Между тем Франция вновь вступила в войну, которая сделалась вопросом не столько стратегической, сколько политической необходимости. Поскольку институт levee en masse превратил страну в военное государство и фактически перевел всех граждан на положение солдат, непрерывные боевые действия стали единственным способом удержать нацию от распада, и французскому правительству приходилось выжимать максимум из завоевательных кампаний, чтобы прокормить граждан Парижа. Какова бы ни была мотивация, французские армии раз от раза закрепляли успех. К 1795 году пруссаки, голландцы и испанцы либо уступили давлению, либо были разгромлены — с Францией продолжали воевать только британцы и австрийцы. Завоевание Италии в 1796 году, осуществленное самым удачливым из полководцев. Наполеоном Бонапартом, сделало Францию хозяином всей Западной и Южной Европы за исключением Британии. На волне успеха Наполеон начал дерзкий Египетский поход, завершившийся уничтожением французского флота в бухте Абукир и почти катастрофическим поражением.
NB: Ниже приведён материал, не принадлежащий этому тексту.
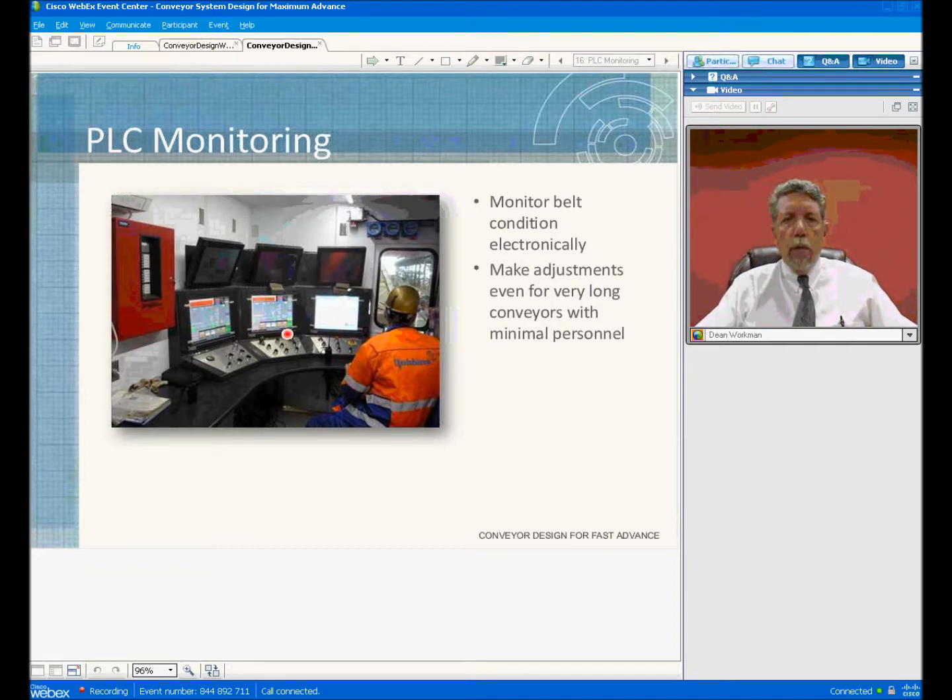This system allows you to have a screen to see in real-time what is actually happening, and you can also record what has happened. One of the difficult things with a belt conveyor, especially on long conveyors, is knowing what took place. You can go back with the PLC program and see where the fault was and what happened.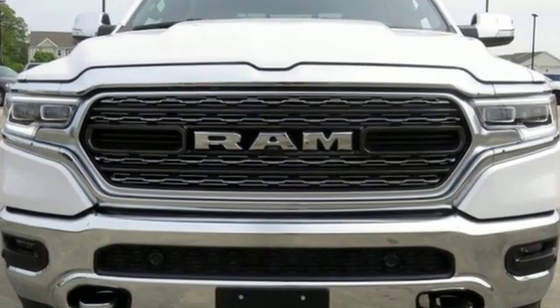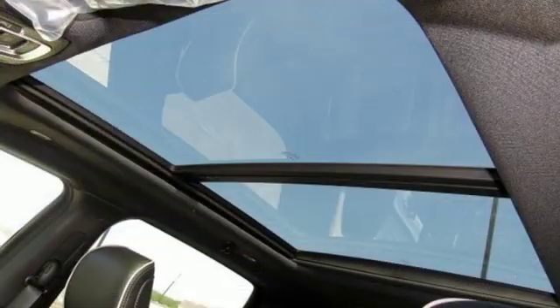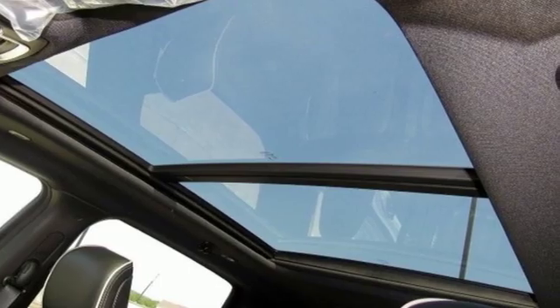They say a journey of a thousand miles begins with one step. Well in this case it begins with a test drive. Start your next adventure today.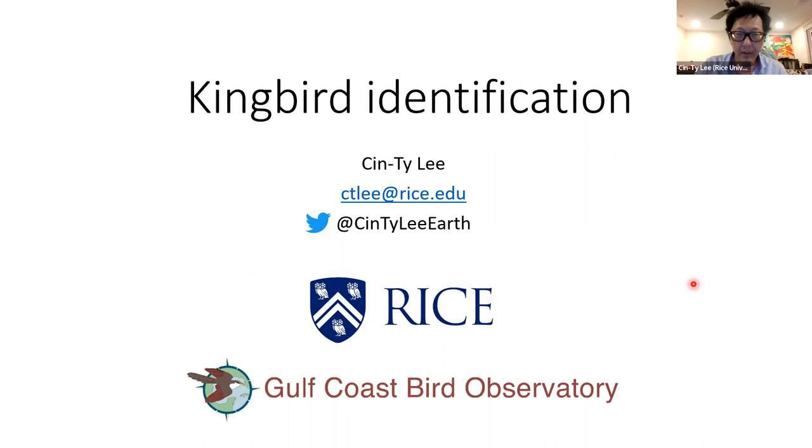Welcome to my talk. My name is Sinti Li, and I'm a geology professor at Rice University, and also on the board of the Gulf Coast Bird Observatory. I've been fascinated with challenging groups of birds in terms of field identification, and one of my passions is the identification of flycatchers. What I'm going to present today is identification of kingbirds, and I've never shown this before. This will be part of a book coming out in a year.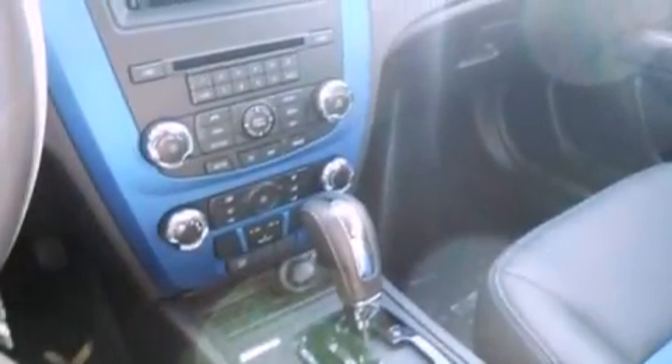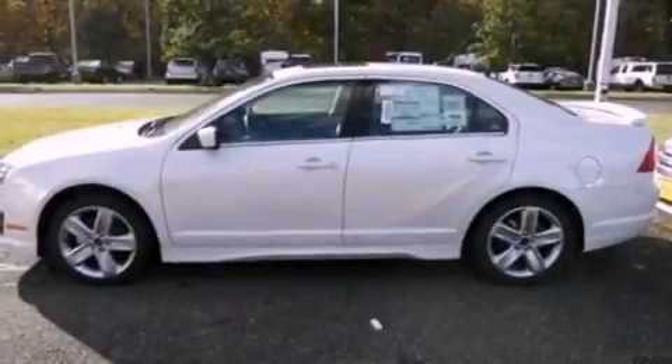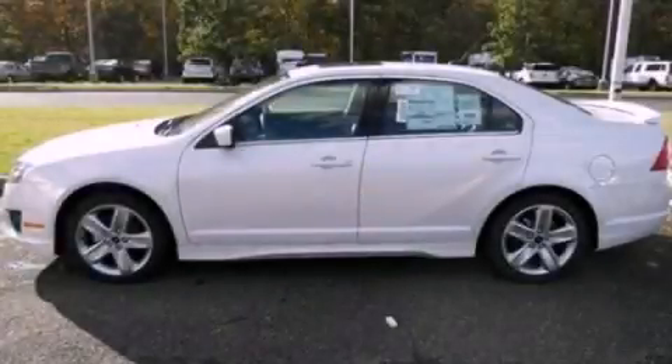With an EPA estimated rating of 27 miles per gallon on the highway, this automobile pays off in the long run. This automobile won't last long at this price. Call and arrange a test drive now.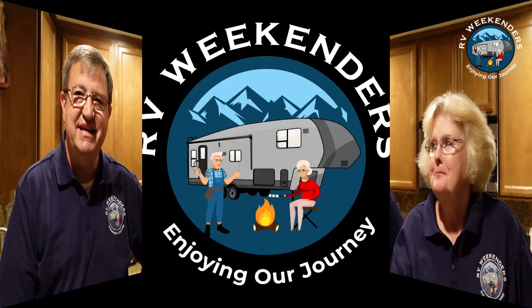Have a great day. I'm Stephanie and I'm Ron, and we're the RV Weekenders. Take care now — bye! See you on the road.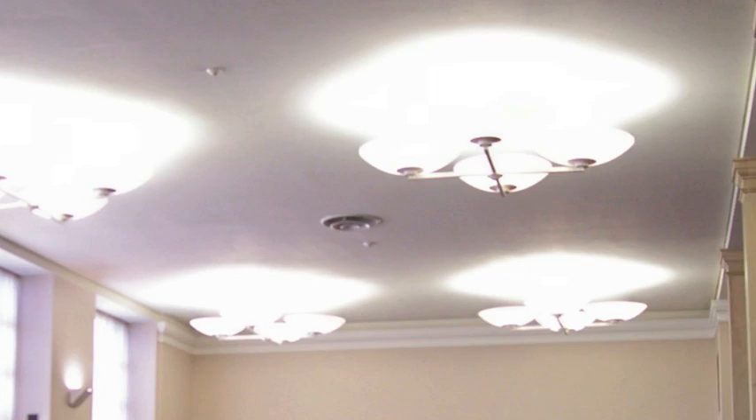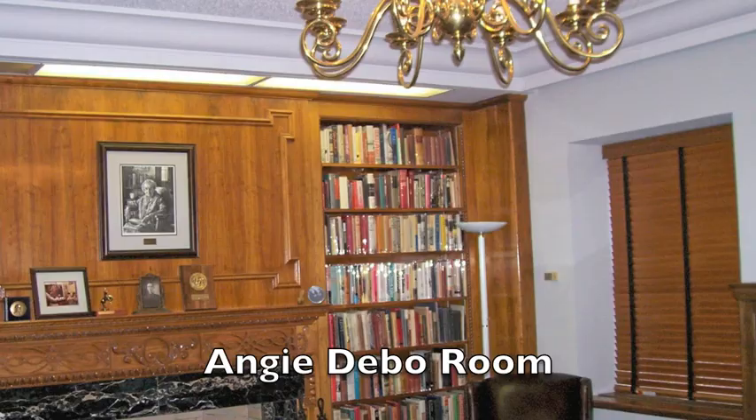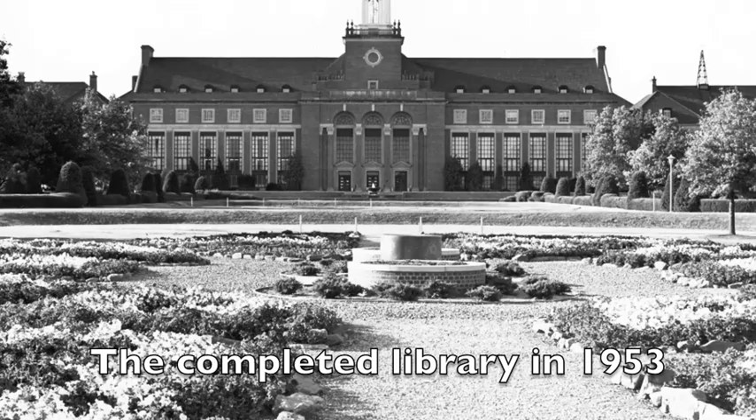But at the same time, in some ways it looks more like a 30s building than really a 50s building on the outside. And that might be because it was conceived before the war.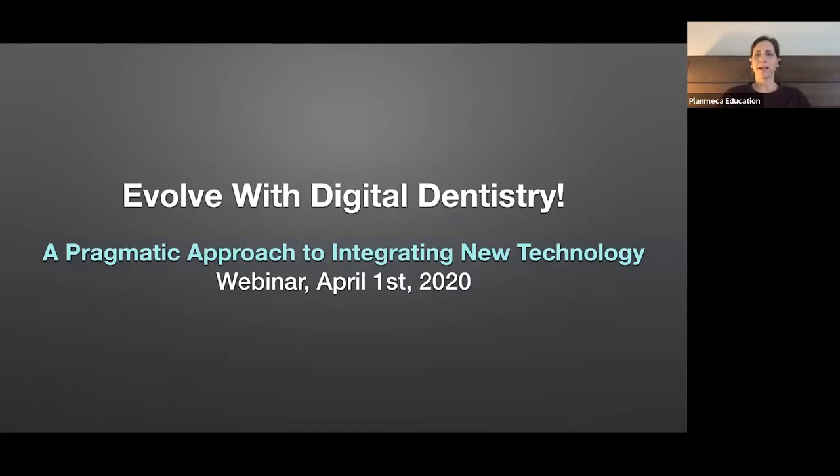Thank you all for joining the PlanMECA Digital Mastery Series. My name is Jody Rodney, and I am the Vice President of Marketing and Education for PlanMECA USA. Today is the fourth in our series, and with us today is Dr. Clint Stevens from Oklahoma. Our topic today is Evolve with Digital Dentistry: A Pragmatic Approach to Integrating New Technology. Before we start, I do have a few housekeeping items.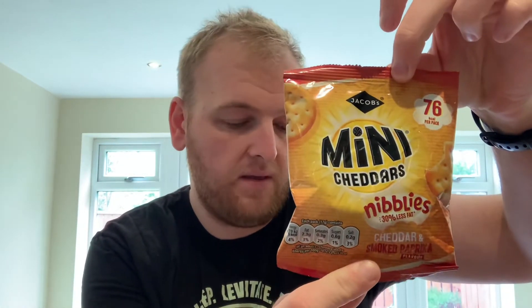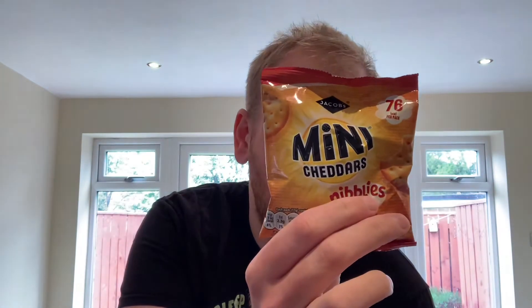They're just a normal Mini Cheddar shape — these are the little bags — but they are 30% less fat and only have 76 calories per little bag, so that isn't bad at all.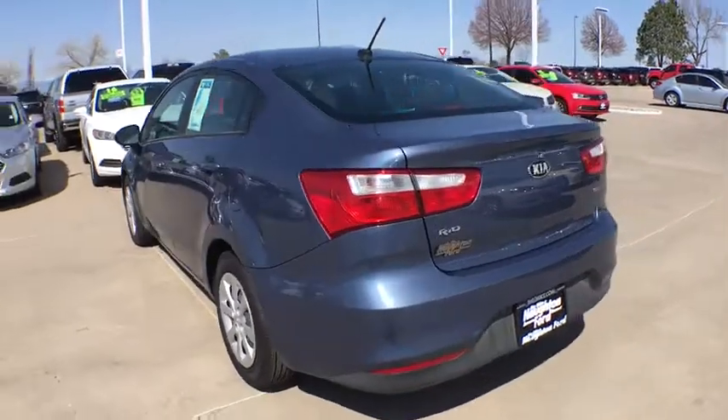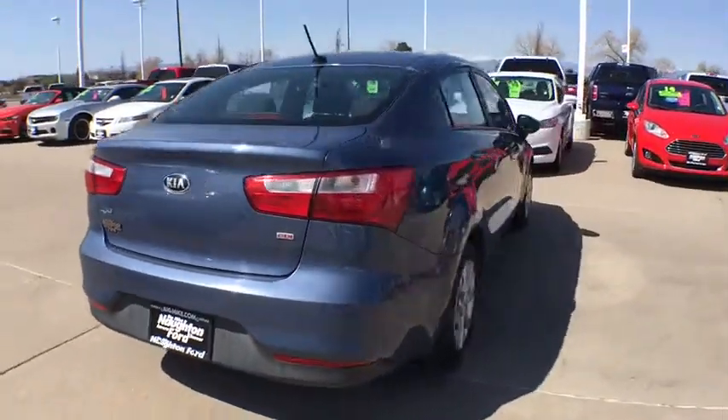This vehicle has less than 35,000 miles. Here are some of this vehicle's great options.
Несмотря на это, в октябре 1799 года блестящего генерала, возвратившегося из Африки, Париж приветствовал как героя.
Политическая ситуация во Франции к этому моменту была самой неблагоприятной. Военное поражение в Неаполе от местных войск продемонстрировало, что господство французов в Западной Европе опирается не на согласие народов, а на силу оружия. Любые мечты принести угнетенным народам соседних стран освобождение были сметены поднявшейся волной национализма. Революционный оптимизм 1789-1794 годов уступил место националистическим страстям, а на военных начали смотреть как на защитников нации и ее чести. Гражданской Директории удалось отвести потенциальную угрозу как якобинского, так и роялистского мятежа, однако к 1799 году среди парижан возник страх, отчасти имевший реальную подоплеку, отчасти искусственно подогреваемый, что якобинцы готовы опять прийти к власти и что новые дни Террора не за горами. Аббат Сьейес, консервативный член Директории, устроил ее роспуск 9 ноября 1799 года и вошел в состав нового правящего органа—консульства. Еще одним из трех консулов — и фактическим главой республики — стал тридцатилетний генерал Наполеон Бонапарт.
За десять лет, прошедших с начала революции, Франция превратилась в нацию–воительницу — французское государство действовало от имени всех в обмен на абсолютную преданность каждого. Сами люди требовали от нового руководителя военных успехов и были готовы ради него на любые жертвы. Огромное население Франции преобразилось в военную машину — как писал Карл фон Клаузевиц (прусский офицер, сражавшийся с французами). «Война сразу стала снова делом народа, и притом народа в 30 миллионов человек, каждый из которых считал себя гражданином своего отечества».